EXERCISE:
Copy nothing but the line with "Brown Poly Rattan" and the lines that follow it to the end of the entries below, and keep the pictures out.

*-*-*

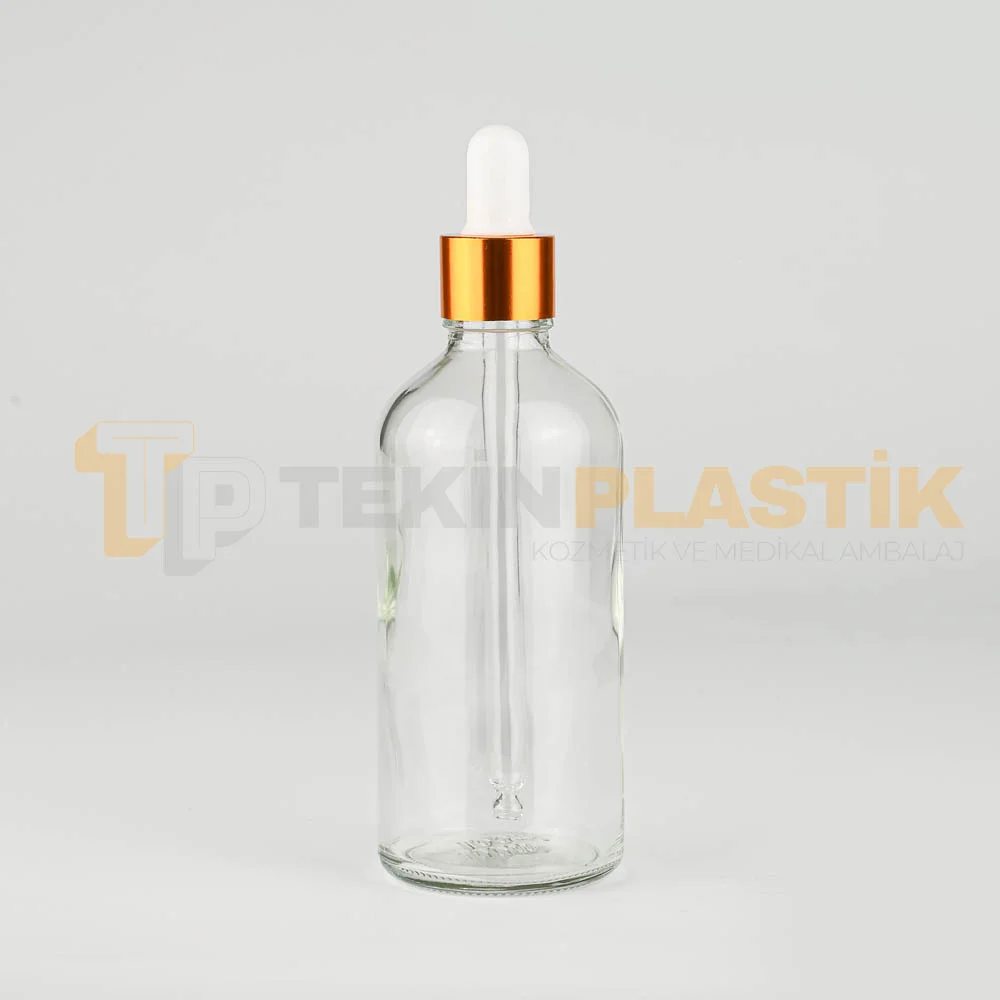 100 ML Toptan Şeffaf Cam Damlalıklı Dropper Şişe Metal Gold Beyaz Damlalık Takım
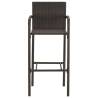 Brown Poly Rattan Bar Stools - 2 pcs Set for Indoor & Outdoor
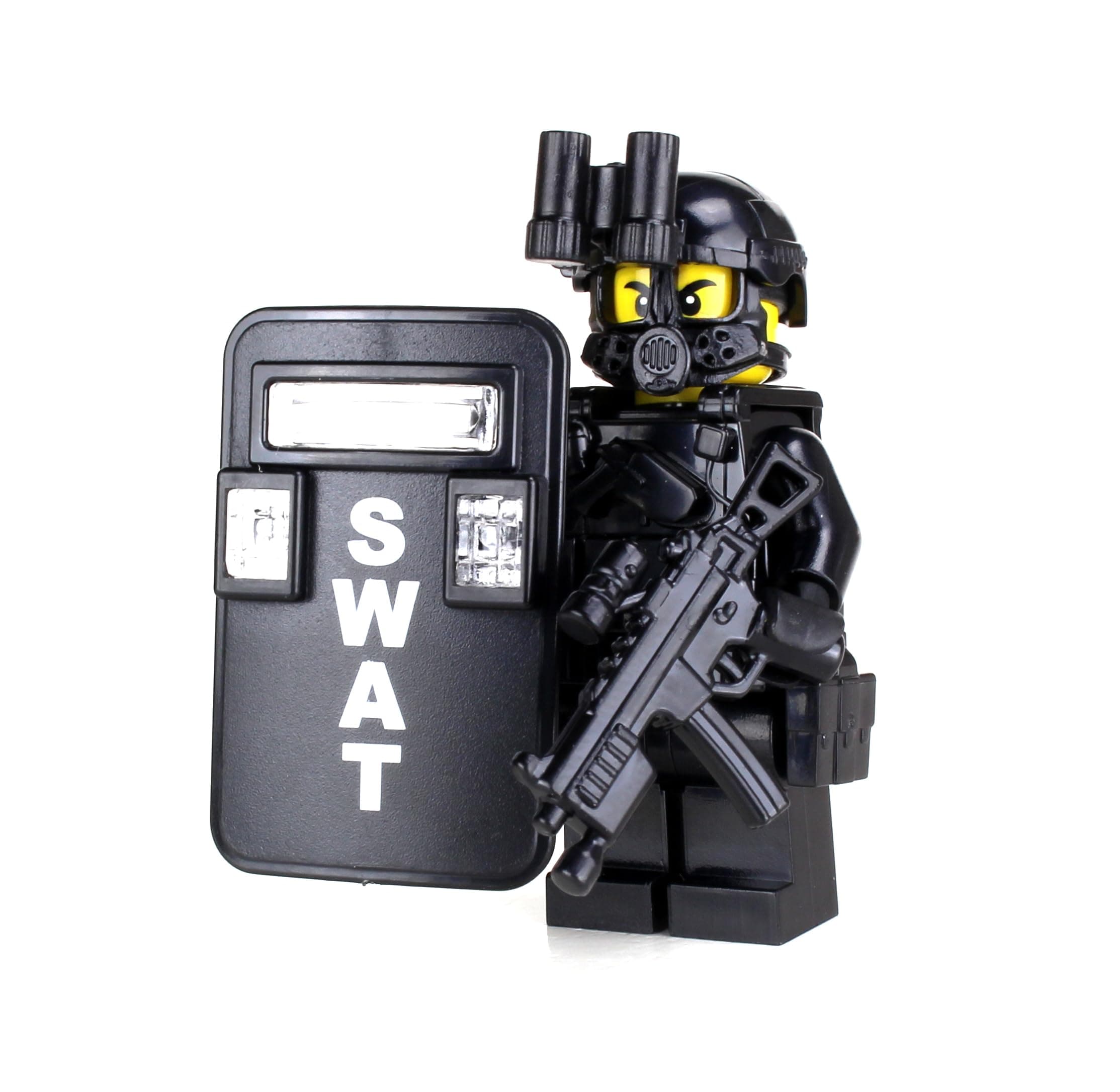 1.6 Inches Tall Collectible SWAT Police Officer Pointman Custom Minifigure| Genuine Police Minifig | Great Gift for Ages 10+ to Adult AFOL
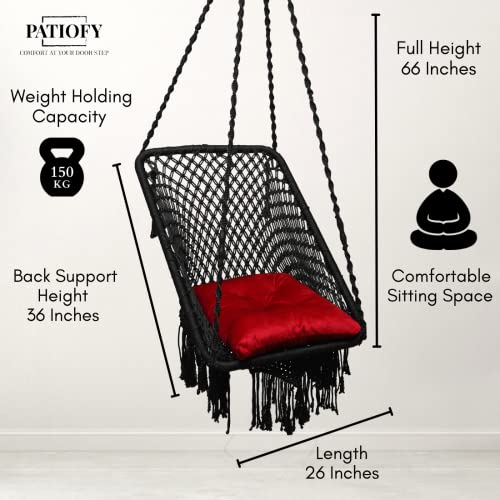 Image of Patiofy Premium Rectangle Shape Swing for Adults for Home /Jhula for Adults /Swing for Balcony /Includes Hanging Kit & Red Sitting Square Cushion (Black)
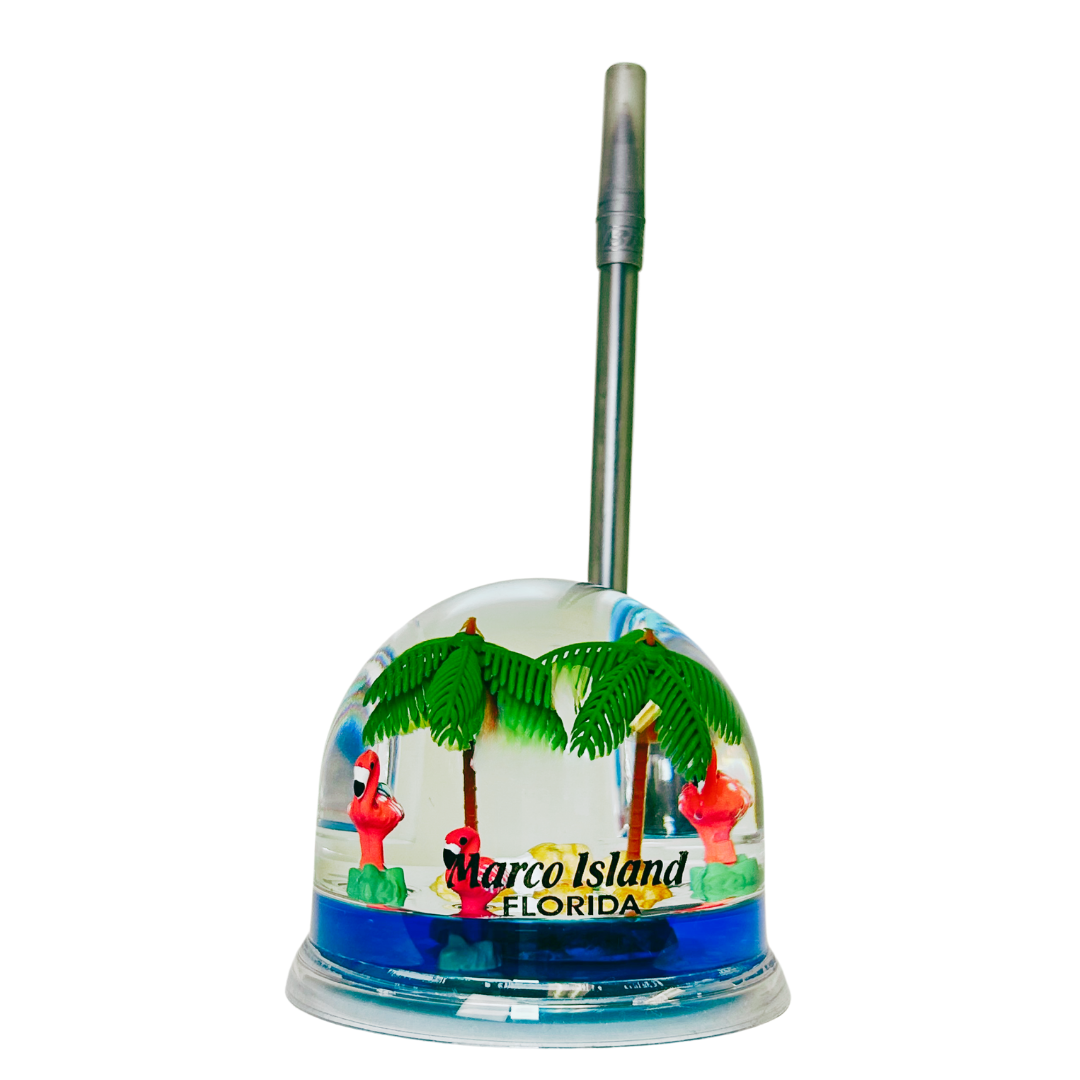 Marco Island Flamingo & Palms Trees Pen Holder Water Globe Souvenirs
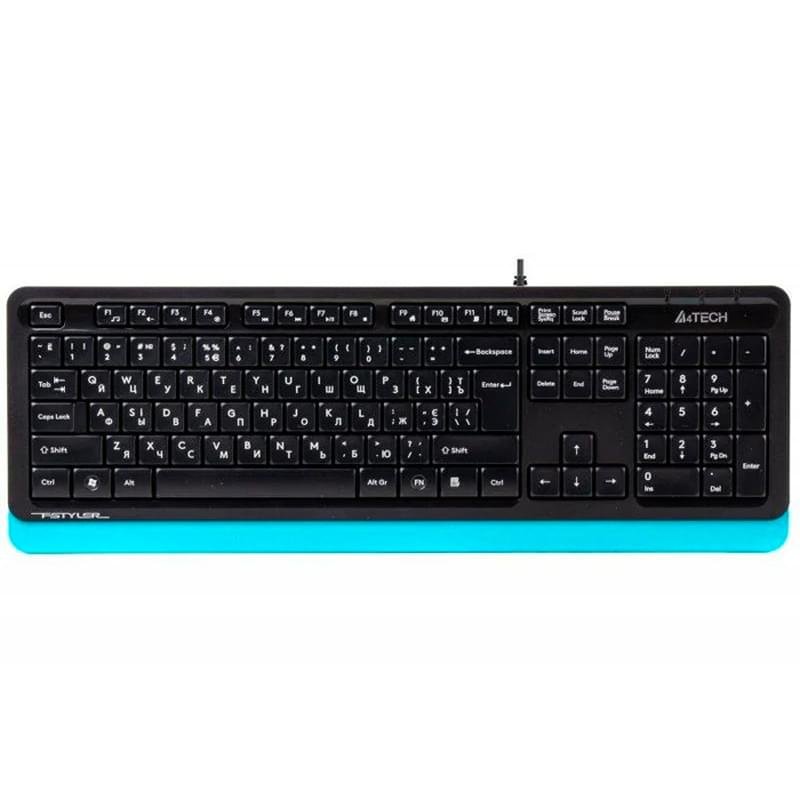 Клавиатура проводная USB A4tech Fstyler FK-10, Black/Blue - фото #0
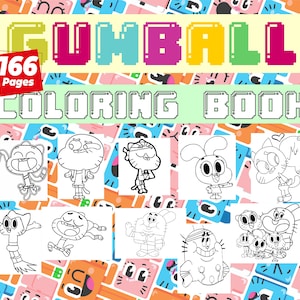 Join the Fun with Gumball: 166 Page Jumbo Coloring Book, , Kids & Adult Art, Instant Download  |3 Free Gift Coloring Book|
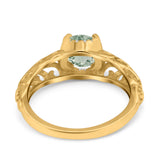 Art Deco Round Natural Stone Filigree Ring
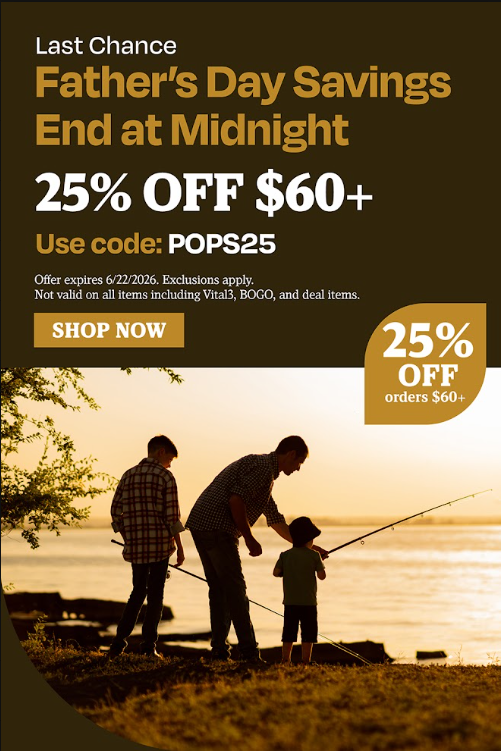 Father's Day Savings End at Midnight. 25% OFF $60+. Use code POPS25.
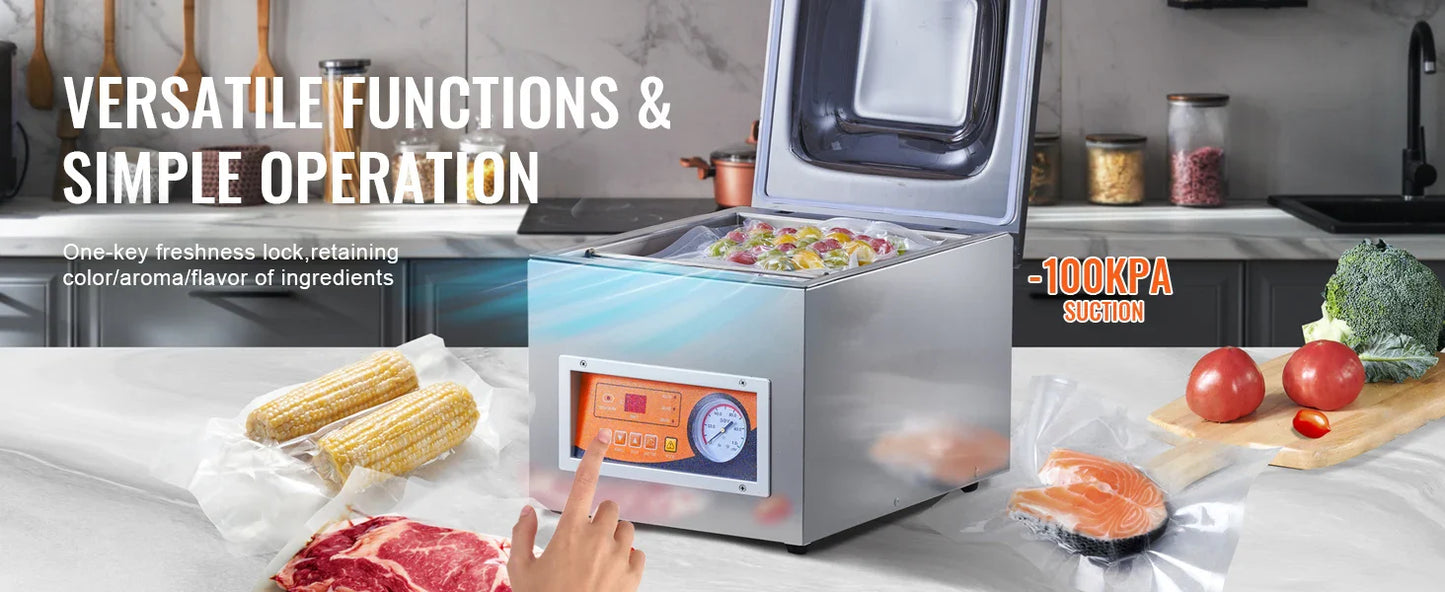 SucceBuy DZ-260S Chamber Vacuum Sealer — 260W Vacuum Packing Machine with 10.2" Seal for Wet Foods & Meats, Home Kitchen Use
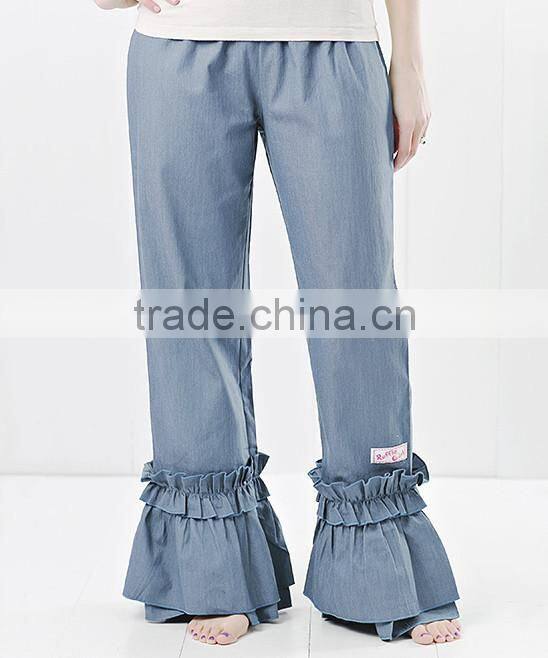 2016 Latest Women Trousers With Chambray Women Ruffle Pants Women Clothes PT90420-50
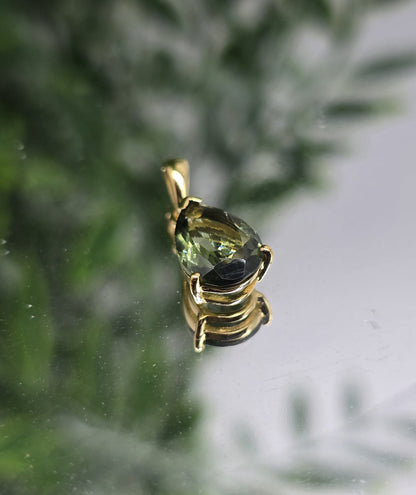 Authentic Moldavite Faceted Pendant 3.35ct Crystal Wellness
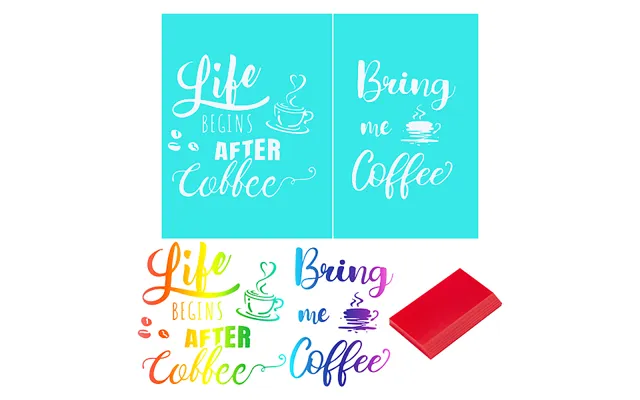 2pcs Coffee Theme Pattern Self-adhesive Silk Screen Printing Stencil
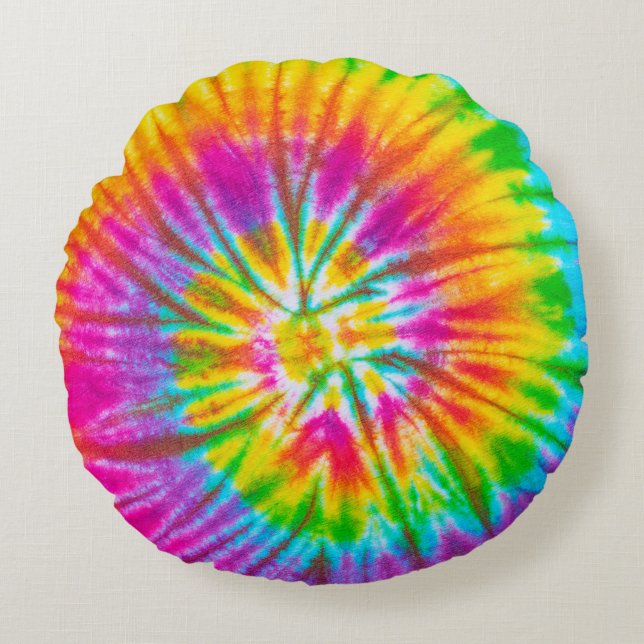 swirl colourful tie dye pattern abstract backgroun round cushion (Front)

*-*-*

OUTPUT FOR THIS EXERCISE:
 Brown Poly Rattan Bar Stools - 2 pcs Set for Indoor & Outdoor
 1.6 Inches Tall Collectible SWAT Police Officer Pointman Custom Minifigure| Genuine Police Minifig | Great Gift for Ages 10+ to Adult AFOL
 Image of Patiofy Premium Rectangle Shape Swing for Adults for Home /Jhula for Adults /Swing for Balcony /Includes Hanging Kit & Red Sitting Square Cushion (Black)
 Marco Island Flamingo & Palms Trees Pen Holder Water Globe Souvenirs
 Клавиатура проводная USB A4tech Fstyler FK-10, Black/Blue - фото #0
 Join the Fun with Gumball: 166 Page Jumbo Coloring Book, , Kids & Adult Art, Instant Download  |3 Free Gift Coloring Book|
 Art Deco Round Natural Stone Filigree Ring
 Father's Day Savings End at Midnight. 25% OFF $60+. Use code POPS25.
 SucceBuy DZ-260S Chamber Vacuum Sealer — 260W Vacuum Packing Machine with 10.2" Seal for Wet Foods & Meats, Home Kitchen Use
 2016 Latest Women Trousers With Chambray Women Ruffle Pants Women Clothes PT90420-50
 Authentic Moldavite Faceted Pendant 3.35ct Crystal Wellness
 2pcs Coffee Theme Pattern Self-adhesive Silk Screen Printing Stencil
 swirl colourful tie dye pattern abstract backgroun round cushion (Front)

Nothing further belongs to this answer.